In our landscape, we have taken the lens of ‘core value-proposition’ as perceived by us to position companies along a spectrum from point solutions to more full stack solutions on the x-axis and aligning them along the factory tech stack value chain on the y-axis. We see this dimension of core value proposition as one of the key drivers for the industry. While this is our key criteria, there are of course many other dimensions that can be used to slice & dice the landscape like e.g. the ICP focus on the range from mid-market to large enterprise, high performance for extreme data loads vs. “normal” environments, focus on “IoT devices in the field” vs machines on the factory floor, discrete manufacturing vs. process industries among others. As we were building this landscape, we faced three core challenges — unravelling the inherent complexities of a highly interconnected data infrastructure for a factory floor & defining the scope of each layer in a way that it didn’t overlap with the previous one & yet correctly capturing the intricacies for that layer and then reconciling that with the exact solutions companies offered given the sometimes blurry language on company websites and pitch decks. The task of defining the value propositions was more nuanced than expected as companies seem to be offering a variety of overlapping but not identical feature sets especially as you go up the stack towards the platform making it harder to place these companies clearly in specific categories and finally, companies seem to be adding to their product suites as they inch towards becoming more full-stack. This trend of moving up the stack and the hypothesis behind it is something that we cover in our discussion below. Companies positioned further to the right on the x-axis, such as SAP, Cognite, and Microsoft, are generally recognized as more established, full-stack solution providers. They often achieve this status through strategic partnerships with players lower in the technology stack. Moving leftward along the axis, the companies become increasingly specialized in specific layers of the stack, with some gradually expanding toward full-stack capabilities.

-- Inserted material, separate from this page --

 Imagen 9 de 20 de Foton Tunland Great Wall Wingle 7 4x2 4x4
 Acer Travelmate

As can be seen in the chart, companies in this space are taking different approaches. There are players like HiveMQ, Semodia that are focused on brokering the data at the connectivity layer while players like US basedLitmus, having started from the connectivity, have moved upwards to providing full stack solutions. Now positioned as an Industrial DataOps that connects OT to IT, Litmus also provides the foundation for tech giants like Google to link cloud services with manufacturing plants. Germany-based Cybus, a Matterwave portfolio company, positions their software “Connectware” as a vendor-agnostic factory data layer, enabling a more strategic approach to digitalization. The solution realizes all aspects of DataOps and IT/OT integration, prioritizing technological independence and enabling composable, individual technology stacks. Leading manufacturers such as Porsche have built their data foundation with Connectware, integrating cloud and shop floor in production-critical, highly available setups across multiple sites. While these are players that have taken the bottom up approach, players like Reflek.io partner with the likes of Litmus for connectivity to provide platform solutions to manufacturers and have expanded upwards towards the enterprise layer also providing end use cases like a Digital Twin. In contrast, players like Cognite position themselves as ‘built for purpose’ platforms for the Industry and focus on doing just that.

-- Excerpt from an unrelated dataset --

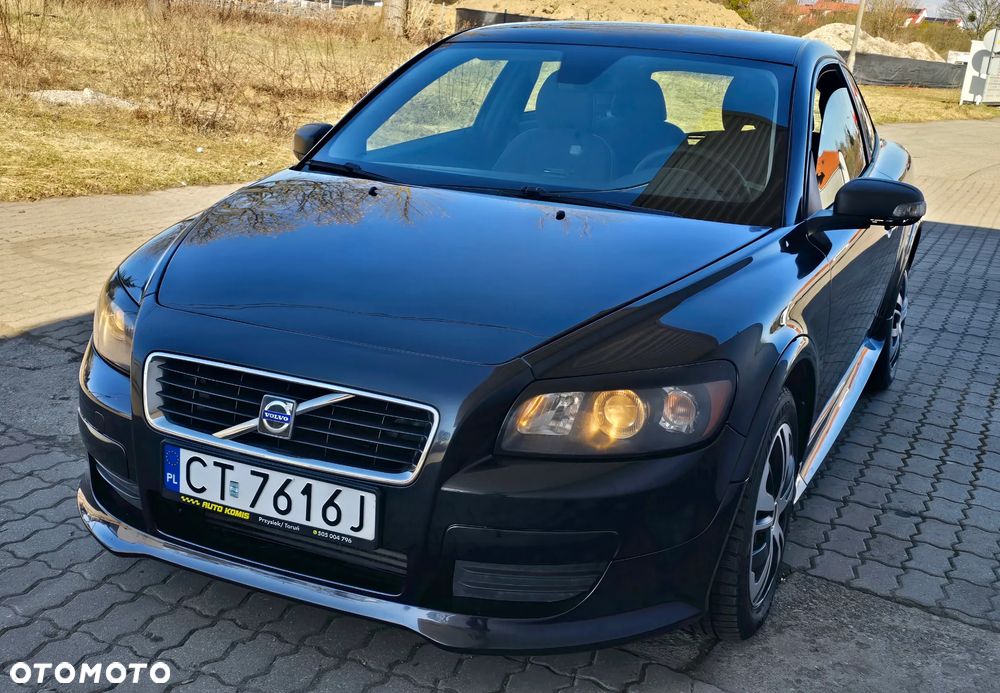 Volvo C30 1.6D RDesign - 1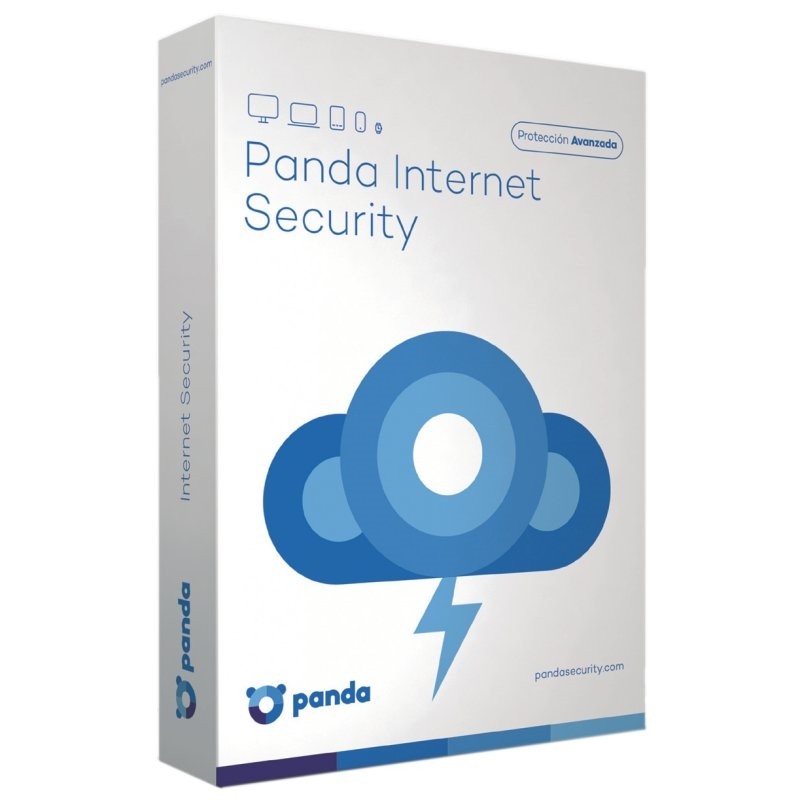 Panda Internet Security 5 Dispositivos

This layered and too some extent also fragmented offering of companies in the space answers to the logic of specialization in an early market that faces quite a broad range of performance requirements and various other customer expectations. It makes a lot of sense to focus resources of individual companies to deliver their piece of the puzzle in the best possible quality. In addition, customers in the manufacturing world have not only very high quality and performance standards but have made their experiences with closed “full stack” systems in which the automation hardware companies were trying to keep them for decades. A modular approach of specialized solutions without too strong lock-in effects across the stack is the obvious conclusion from the initial problem statement of the traditional automation pyramid.

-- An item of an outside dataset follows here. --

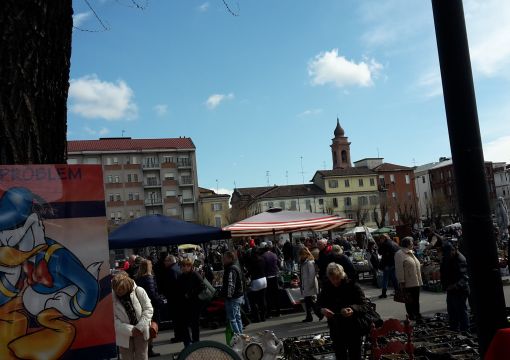 Domenica 20 gennaio la prima edizione del mercatino di Nizza del 2019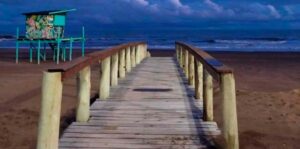 Pronóstico del clima en Monte Hermoso y Sauce Grande para la primera semana de primavera 2025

Nonetheless we believe there is significant merit in the strategy for individual software companies of moving higher up the technology stack while still offering standardized interfaces and openness. As companies ascend the stack, they move closer to the end-use case, making it easier to demonstrate tangible return on investment (RoI) based on specific use cases. This proximity to applications is a key attraction for companies operating at or moving towards the platform layer, where clear implementation pathways and direct alignment with customer pain points make budget access more straightforward. In contrast, while the core data infrastructure remains critical and foundational, companies in this layer often face go-to-market challenges. Budget ownership is typically fragmented between Operational Technology (OT) and Information Technology (IT) teams, with little coordination or shared accountability. In our conversations with founders, a recurring theme is the organizational disconnect. IT is typically organized as a company-wide central support function, while OT is defined as a plant-level or factory-specific role. Addressing those two very different functions with a product offering, can surface misalignment and friction, slow decision-making, and often decouple purchasing criteria from the actual merits of the solution. The need to get buy-in from both sides adds inertia and tends to delay the adoption of otherwise high value. Ultimately, we see this partial disconnect between ultimate business value and buying/implementation dynamics as the main challenge to unlock the potential of companies in this space. It’s a call to action for decision makers to re-consider responsibilities, budget allocation and investment rationales to not miss the bus on factory digitization and AI driven operations.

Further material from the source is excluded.